As the team to beat in several junior categories, Prema cannot afford to stand still.
“Every year is a new start, we need to do a better job and that is very important, but nobody is sitting down on the result that we are having,” Rosin explains. “We need to continue pushing and improving.”
“We never do the step bigger than our legs,” when it comes to new challenges. “When we do something, it’s because we want to win, and we want to be there.”
Last year Prema debuted in prototype sportscars in the World Endurance Championship and European Le Mans Series’s LMP2 class. It was class runner-up at the Le Mans 24 Hours, then took the ELMS driver and teams’ titles.
As it prepares to celebrate its 40th anniversary this year, Prema joins the Formula 4-spec F1 Academy for women drivers, and new venture Prema Engineering will collaborate with sister company Iron Lynx and Lamborghini in GT3 sportscars, prior to embarking on a LMDh campaign in 2024.
In 2021, Prema and Iron Lynx tied up under a new owner, which Rosin believes has provided his team with access to additional expertise while maintaining Prema’s family tradition and atmosphere.
“This tie-up came after a few years co-operating, in F4 especially, and gave us the extra boost to go to LMP2 because they have the experience of endurance which we don’t have. But in single-seaters it is more Prema, like it always has been.”

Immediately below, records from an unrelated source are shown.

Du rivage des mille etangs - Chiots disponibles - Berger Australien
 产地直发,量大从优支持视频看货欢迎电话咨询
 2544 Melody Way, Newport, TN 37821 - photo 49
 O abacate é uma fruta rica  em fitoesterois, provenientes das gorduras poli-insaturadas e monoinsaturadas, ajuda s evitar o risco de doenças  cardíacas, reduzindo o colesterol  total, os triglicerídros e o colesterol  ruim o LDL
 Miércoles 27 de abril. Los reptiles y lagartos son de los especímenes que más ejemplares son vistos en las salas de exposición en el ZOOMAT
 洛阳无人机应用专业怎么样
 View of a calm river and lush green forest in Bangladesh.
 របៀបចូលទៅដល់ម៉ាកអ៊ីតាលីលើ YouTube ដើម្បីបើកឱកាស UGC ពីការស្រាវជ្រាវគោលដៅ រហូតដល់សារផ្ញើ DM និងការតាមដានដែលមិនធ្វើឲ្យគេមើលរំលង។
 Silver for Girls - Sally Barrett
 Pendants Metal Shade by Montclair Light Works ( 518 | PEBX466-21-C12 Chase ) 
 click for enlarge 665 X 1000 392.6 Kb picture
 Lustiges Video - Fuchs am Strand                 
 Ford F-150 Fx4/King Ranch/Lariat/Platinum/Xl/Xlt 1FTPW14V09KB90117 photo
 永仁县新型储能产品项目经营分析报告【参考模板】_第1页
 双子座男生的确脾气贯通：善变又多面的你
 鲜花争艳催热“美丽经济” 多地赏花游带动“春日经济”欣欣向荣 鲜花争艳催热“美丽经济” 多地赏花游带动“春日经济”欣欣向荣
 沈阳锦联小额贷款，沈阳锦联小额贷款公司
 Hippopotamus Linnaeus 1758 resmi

“Prema is still managed as a family [business]. We have been running the business in the same way that we were doing with the previous partner and since forever. So, honestly, the spirit within the team is always the same.”
“[As Prema expands it needs] different inputs, from different people, because otherwise I cannot follow everything. It’s already quite complicated. But at the moment, all of the activities of Prema are under our control, so still it didn’t change the way of operating.
“We are a big group facing from single-seaters to LM prototypes and GTs. I think it’s a great partnership and a great success that always brings the Italian flag on top.”